● **What the task asks**: Copy nothing from the entries below except the lines from the one containing "Gini London Croppad" through the one containing "name it - NKMBRODY", and copy those exactly.

[Crawled caption data]
++++
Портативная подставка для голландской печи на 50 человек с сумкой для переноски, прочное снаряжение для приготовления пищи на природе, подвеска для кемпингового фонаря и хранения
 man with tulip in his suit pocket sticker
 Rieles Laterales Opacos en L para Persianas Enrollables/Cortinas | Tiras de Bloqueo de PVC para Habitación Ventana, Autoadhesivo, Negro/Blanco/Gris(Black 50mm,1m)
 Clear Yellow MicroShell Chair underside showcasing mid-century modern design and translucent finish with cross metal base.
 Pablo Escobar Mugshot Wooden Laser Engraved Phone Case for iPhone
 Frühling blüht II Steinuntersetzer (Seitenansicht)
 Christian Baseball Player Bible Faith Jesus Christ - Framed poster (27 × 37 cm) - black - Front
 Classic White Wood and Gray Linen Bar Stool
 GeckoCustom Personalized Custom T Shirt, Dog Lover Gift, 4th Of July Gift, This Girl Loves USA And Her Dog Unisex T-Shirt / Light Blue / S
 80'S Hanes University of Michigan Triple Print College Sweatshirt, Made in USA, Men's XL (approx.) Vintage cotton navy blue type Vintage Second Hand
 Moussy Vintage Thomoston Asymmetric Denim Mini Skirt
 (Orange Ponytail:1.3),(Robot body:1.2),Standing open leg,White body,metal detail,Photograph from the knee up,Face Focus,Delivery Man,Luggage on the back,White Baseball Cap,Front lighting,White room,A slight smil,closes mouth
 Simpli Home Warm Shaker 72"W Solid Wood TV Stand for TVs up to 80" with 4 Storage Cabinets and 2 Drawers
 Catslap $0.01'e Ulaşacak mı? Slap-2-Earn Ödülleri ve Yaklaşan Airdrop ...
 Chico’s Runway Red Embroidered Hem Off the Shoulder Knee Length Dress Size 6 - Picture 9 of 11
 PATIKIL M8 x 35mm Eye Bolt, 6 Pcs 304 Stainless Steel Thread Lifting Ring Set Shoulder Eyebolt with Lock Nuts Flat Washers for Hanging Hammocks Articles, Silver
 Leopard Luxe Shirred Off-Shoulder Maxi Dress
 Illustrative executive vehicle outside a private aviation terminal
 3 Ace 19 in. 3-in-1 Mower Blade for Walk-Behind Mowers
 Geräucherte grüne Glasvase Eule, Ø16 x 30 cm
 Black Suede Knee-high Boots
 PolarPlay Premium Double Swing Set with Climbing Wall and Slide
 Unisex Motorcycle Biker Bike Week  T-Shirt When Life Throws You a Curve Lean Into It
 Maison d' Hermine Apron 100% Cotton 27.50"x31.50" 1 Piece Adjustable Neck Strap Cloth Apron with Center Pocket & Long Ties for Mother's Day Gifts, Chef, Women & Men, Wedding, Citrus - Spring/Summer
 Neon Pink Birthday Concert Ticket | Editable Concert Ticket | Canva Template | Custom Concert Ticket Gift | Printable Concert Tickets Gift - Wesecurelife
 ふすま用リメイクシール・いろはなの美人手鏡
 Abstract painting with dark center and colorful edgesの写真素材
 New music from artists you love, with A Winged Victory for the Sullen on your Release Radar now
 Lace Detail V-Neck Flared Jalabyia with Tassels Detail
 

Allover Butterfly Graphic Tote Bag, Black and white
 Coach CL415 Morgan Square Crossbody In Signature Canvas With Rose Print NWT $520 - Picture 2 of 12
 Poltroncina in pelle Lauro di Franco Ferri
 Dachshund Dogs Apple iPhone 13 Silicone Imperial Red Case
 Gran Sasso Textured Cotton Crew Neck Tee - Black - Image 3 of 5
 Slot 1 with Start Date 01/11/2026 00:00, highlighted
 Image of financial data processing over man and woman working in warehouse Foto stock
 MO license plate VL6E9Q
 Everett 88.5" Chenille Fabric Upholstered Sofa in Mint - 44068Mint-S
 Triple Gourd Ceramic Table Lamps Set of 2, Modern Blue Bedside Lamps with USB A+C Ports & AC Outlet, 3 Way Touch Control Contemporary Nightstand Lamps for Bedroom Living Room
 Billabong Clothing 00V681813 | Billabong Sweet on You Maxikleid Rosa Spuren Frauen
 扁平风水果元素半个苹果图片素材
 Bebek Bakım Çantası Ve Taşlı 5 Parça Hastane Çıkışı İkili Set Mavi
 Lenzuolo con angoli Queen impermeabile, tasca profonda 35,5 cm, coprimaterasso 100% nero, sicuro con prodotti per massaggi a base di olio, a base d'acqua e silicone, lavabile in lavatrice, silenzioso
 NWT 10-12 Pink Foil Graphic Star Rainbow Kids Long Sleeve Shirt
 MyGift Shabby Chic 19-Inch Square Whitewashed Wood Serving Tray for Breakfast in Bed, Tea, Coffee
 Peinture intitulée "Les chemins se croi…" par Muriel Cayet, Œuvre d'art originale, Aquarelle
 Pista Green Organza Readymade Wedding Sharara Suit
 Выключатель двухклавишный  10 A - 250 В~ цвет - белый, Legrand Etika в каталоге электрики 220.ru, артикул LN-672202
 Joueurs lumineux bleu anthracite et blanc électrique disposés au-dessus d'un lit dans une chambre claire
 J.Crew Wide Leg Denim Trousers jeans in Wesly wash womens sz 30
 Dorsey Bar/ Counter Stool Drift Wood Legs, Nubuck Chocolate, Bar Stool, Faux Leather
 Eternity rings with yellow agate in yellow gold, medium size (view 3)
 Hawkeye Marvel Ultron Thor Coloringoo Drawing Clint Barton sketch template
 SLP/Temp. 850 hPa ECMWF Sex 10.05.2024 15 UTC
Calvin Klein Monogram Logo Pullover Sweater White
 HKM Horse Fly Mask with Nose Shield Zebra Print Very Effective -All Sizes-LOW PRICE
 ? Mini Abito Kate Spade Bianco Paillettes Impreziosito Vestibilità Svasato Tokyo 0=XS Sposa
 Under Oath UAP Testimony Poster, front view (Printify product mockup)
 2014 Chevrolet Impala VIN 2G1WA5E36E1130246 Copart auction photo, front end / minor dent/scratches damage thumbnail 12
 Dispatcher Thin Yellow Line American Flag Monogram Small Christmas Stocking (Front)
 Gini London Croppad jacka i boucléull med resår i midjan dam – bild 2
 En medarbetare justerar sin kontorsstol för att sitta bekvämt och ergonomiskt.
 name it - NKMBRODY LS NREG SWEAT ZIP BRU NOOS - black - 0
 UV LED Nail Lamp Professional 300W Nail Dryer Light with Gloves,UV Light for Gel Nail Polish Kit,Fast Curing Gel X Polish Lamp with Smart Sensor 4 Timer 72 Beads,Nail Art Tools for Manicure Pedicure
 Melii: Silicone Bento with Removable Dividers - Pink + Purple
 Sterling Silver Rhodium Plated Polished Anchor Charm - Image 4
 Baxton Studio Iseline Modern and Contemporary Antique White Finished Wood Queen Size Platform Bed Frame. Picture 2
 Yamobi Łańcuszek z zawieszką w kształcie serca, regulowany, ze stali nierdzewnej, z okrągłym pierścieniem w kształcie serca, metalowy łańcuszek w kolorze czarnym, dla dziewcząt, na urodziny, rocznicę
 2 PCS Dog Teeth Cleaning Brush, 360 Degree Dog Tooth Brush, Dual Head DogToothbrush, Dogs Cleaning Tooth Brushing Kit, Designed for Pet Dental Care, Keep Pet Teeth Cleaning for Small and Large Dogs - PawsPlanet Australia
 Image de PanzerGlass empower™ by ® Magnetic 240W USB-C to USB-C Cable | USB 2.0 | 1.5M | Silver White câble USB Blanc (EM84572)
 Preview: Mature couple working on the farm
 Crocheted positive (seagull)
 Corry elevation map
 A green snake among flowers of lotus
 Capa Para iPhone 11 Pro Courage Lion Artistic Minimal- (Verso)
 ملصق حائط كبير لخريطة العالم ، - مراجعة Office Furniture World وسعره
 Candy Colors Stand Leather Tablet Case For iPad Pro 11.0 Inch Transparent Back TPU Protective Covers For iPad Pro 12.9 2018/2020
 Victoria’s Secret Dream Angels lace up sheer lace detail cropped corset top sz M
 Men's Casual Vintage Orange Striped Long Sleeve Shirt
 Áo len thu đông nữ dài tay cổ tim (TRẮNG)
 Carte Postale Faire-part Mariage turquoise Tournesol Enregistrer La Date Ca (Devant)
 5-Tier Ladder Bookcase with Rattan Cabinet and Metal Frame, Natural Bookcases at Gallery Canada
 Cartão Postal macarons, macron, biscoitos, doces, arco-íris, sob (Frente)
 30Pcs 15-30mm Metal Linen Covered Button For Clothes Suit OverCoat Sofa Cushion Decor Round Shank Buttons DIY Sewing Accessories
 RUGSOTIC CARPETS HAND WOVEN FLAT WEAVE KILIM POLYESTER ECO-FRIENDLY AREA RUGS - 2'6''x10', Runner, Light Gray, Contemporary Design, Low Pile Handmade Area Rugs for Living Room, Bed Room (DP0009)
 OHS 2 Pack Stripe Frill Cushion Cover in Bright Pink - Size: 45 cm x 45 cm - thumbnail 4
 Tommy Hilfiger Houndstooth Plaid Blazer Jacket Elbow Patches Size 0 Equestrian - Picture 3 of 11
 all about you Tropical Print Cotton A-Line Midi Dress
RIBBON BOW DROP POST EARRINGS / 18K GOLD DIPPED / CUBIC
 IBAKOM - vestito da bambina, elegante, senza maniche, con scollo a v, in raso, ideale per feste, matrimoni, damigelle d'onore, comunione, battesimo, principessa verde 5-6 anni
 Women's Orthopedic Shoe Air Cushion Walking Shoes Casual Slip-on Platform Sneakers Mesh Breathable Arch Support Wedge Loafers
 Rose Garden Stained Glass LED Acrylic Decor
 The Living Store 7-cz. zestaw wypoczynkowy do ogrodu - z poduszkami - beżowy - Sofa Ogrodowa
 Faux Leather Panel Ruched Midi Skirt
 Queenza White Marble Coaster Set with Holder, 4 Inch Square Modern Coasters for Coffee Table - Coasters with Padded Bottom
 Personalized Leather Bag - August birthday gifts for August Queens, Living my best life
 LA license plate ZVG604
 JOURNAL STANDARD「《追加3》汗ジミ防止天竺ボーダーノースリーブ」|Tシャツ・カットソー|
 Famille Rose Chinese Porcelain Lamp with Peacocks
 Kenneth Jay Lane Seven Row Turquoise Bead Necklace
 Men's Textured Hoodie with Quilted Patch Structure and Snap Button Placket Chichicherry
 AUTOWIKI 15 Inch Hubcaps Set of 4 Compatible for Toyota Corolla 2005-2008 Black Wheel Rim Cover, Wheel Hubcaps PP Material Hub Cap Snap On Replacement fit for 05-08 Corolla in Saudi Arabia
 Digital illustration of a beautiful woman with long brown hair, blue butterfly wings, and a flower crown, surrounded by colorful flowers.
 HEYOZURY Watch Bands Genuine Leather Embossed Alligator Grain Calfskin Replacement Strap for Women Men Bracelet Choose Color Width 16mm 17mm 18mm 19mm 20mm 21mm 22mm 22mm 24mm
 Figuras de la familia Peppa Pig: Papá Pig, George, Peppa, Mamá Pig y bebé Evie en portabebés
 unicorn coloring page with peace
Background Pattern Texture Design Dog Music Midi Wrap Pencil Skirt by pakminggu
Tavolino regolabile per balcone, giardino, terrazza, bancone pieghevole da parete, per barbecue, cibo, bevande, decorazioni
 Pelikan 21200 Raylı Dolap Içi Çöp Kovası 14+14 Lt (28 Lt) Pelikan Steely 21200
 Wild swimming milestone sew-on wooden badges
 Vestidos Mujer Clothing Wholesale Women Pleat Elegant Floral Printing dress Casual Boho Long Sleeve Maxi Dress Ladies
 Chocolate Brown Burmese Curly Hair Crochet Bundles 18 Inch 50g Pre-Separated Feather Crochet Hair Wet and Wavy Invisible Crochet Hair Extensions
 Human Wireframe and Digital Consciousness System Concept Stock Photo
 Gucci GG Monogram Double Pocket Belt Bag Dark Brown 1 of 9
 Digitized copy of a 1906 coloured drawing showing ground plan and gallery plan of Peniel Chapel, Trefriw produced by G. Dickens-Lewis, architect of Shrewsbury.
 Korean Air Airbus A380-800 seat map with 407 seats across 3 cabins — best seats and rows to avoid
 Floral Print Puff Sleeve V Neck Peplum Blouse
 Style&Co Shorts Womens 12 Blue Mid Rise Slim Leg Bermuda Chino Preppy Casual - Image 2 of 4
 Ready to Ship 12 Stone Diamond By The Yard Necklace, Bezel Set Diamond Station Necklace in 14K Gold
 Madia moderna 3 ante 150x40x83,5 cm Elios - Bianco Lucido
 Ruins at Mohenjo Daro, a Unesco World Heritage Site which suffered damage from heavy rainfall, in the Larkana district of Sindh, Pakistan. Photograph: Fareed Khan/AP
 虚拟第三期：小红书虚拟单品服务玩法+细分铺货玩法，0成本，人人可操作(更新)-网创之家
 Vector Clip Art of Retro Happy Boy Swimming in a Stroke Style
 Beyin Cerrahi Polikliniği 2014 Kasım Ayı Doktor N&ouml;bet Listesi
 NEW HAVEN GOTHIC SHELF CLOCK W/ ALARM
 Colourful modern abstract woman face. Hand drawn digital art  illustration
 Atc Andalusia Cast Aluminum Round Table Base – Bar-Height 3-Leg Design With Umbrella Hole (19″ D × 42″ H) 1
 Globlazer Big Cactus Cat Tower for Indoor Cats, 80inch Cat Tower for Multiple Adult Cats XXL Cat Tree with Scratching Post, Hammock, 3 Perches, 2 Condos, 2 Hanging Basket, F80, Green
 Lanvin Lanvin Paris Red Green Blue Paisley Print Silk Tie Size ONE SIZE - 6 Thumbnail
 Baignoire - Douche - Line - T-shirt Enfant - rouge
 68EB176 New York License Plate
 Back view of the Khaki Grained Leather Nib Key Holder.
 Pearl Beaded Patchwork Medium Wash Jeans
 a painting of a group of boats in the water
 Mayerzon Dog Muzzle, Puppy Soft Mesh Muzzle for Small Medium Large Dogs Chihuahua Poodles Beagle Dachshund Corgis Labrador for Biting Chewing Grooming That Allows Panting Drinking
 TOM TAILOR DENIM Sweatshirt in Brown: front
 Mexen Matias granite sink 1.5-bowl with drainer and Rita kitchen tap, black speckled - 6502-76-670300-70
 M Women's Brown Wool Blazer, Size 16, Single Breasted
++++
● **Reply**:
 Gini London Croppad jacka i boucléull med resår i midjan dam – bild 2
 En medarbetare justerar sin kontorsstol för att sitta bekvämt och ergonomiskt.
 name it - NKMBRODY LS NREG SWEAT ZIP BRU NOOS - black - 0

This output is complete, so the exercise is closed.